Email: debora.kodish [at] gmail.com

 

I am a folklorist and cultural worker. Since moving to Philadelphia in 1981, I have been committed to supporting the growth and development of peoples' folk arts. I was the founder in 1987, and the long-time director (through 2014) of the Philadelphia Folklore Project. PFP became a collective effort and a community resource: an institution working in partnerships to cultivate folk arts as tools for justice, power and self-knowledge. Over the course of 27 years at PFP, I was privileged to help support over 350+ folk artists and cultural workers in imagining and developing their own work in folk arts and social change, raising over 3.3 million dollars in needed resources. This was an important education for me: a path to collectively shaping anti-racist grassroots public interest folklore practices, and collectively imagined futures. This work continues. I was also lucky, during these years, to participate with Asian Americans United in co-founding and developing the Folk Arts-Cultural Treasures Charter School, which opened in 2005. AAU activists and FACTS educators have been my teachers and I am grateful. 

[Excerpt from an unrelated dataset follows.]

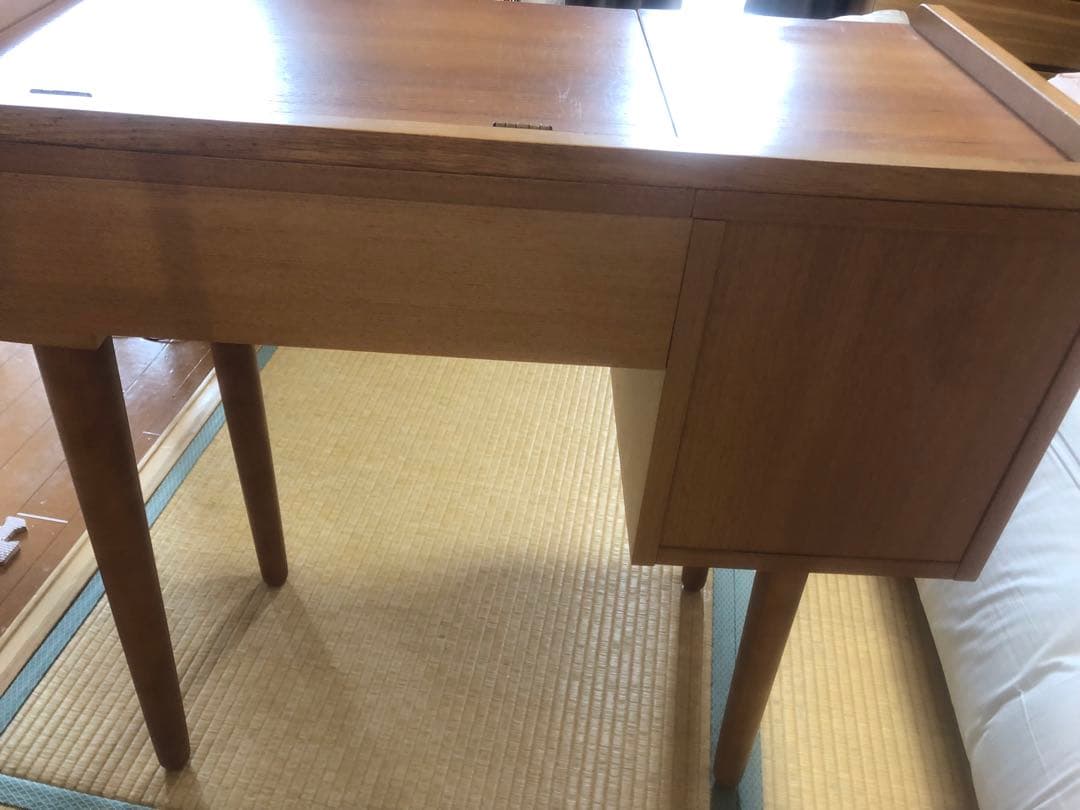 unico ウニコ/ ALBERO dresser アルベロ ドレッサー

As a writer, facilitator, and cultural midwife, I work collaboratively and in multiple media to challenge established and problematic histories, and to revalue local people, knowledge, and culture. I am involved in community projects, advising/consulting, and writing on folk arts and social change in Philadelphia over the past 50 years. I am paying attention to radical grassroots / peoples' folklore history, theory and practice; critical folk arts pedagogy (how we teach one another what we need to know and be able to do to be decent people and to shape the future we imagine); and public interest folklore (folklore practice in the peoples' interest, for the common good). 

 

This site includes a variety of kinds of writing. In 2015 I received a Leeway Transformation Award to begin imagining a book on the above topics (and this next 10 years!) I was also asked to serve on the Cultural Diversity Committee of the American Folklore Society. I had been an AFS member for 40 years. Some documents from my efforts on both of these organizing/writing efforts are included here, as well as past writing—traces of what got me to this place. Also here are documents from the first salon I held, on October 9th, to fulfill a public presentation requirement from Leeway, to support the work of other local people, and to take some first steps towards my own book/organizing effort on "Home Training."

Recently (2018-2020), I was cultural scribe and project support for Kulu Mele African Dance and Drum Ensemble's 50th anniversary project: Ogun & the People. We published a collectively sourced book on Kulu Mele's history and transformative practices. The company premiered the full-length dance-drama enacting a Yoruba pataki (sacred parable) about a world wildly out of balance. In art as in life: for 51+ years, Kulu Mele has been rebalancing the world with love. So many lessons and ways forward can be found here.